───── RECORD EXCERPTS ─────
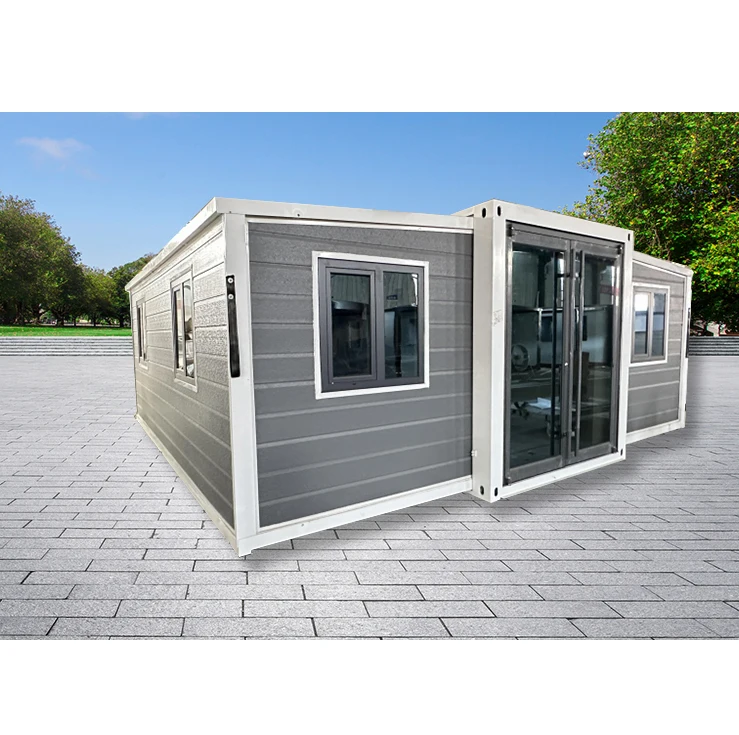 Хорошая цена автоматический расширяемый Контейнер для дома контейнер с туалетом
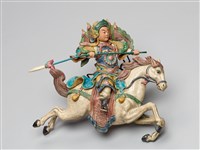 藏品(三國人物-馬超)的圖片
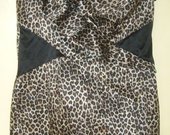 Puiki leopardinė suknelė / River Island 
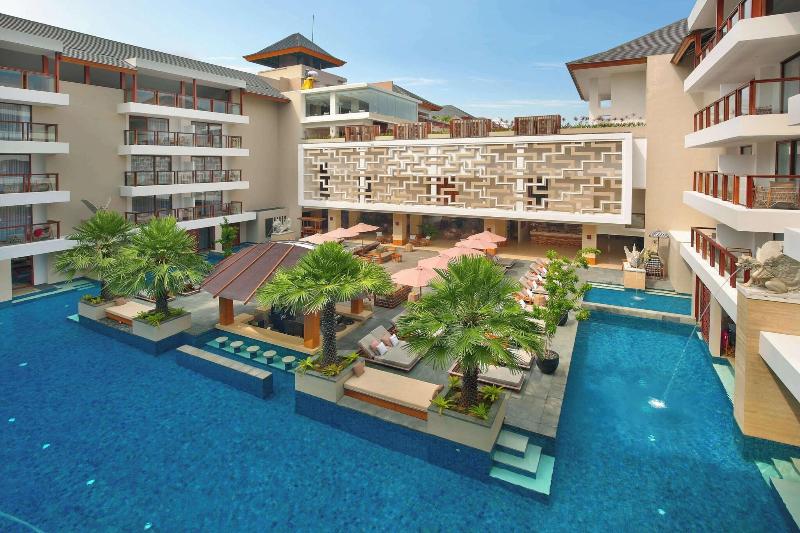 The Bandha Hotel & Suites - Genel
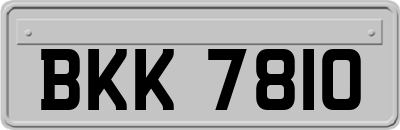 BKK7810
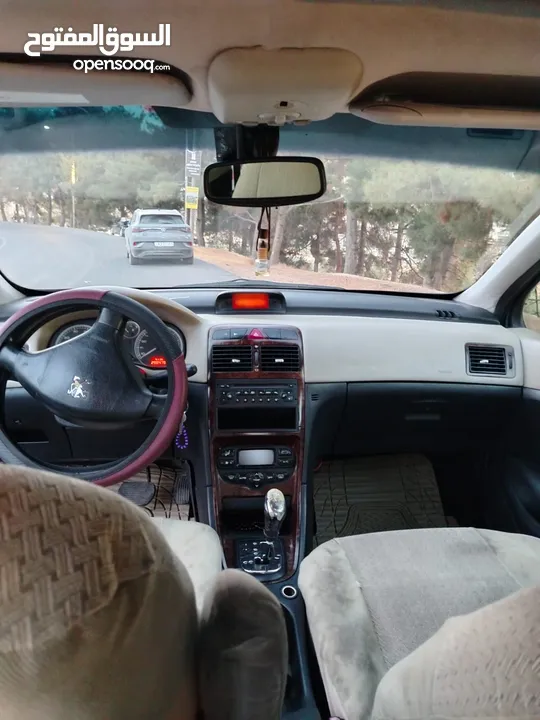 بيجو 307 2004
─────
→ **THE PROBLEM**
Could you reproduce the entries verbatim, leaving out all pictures?

→ **EXERCISE OUTPUT**
 Хорошая цена автоматический расширяемый Контейнер для дома контейнер с туалетом
 藏品(三國人物-馬超)的圖片
 Puiki leopardinė suknelė / River Island 
 The Bandha Hotel & Suites - Genel
 BKK7810
 بيجو 307 2004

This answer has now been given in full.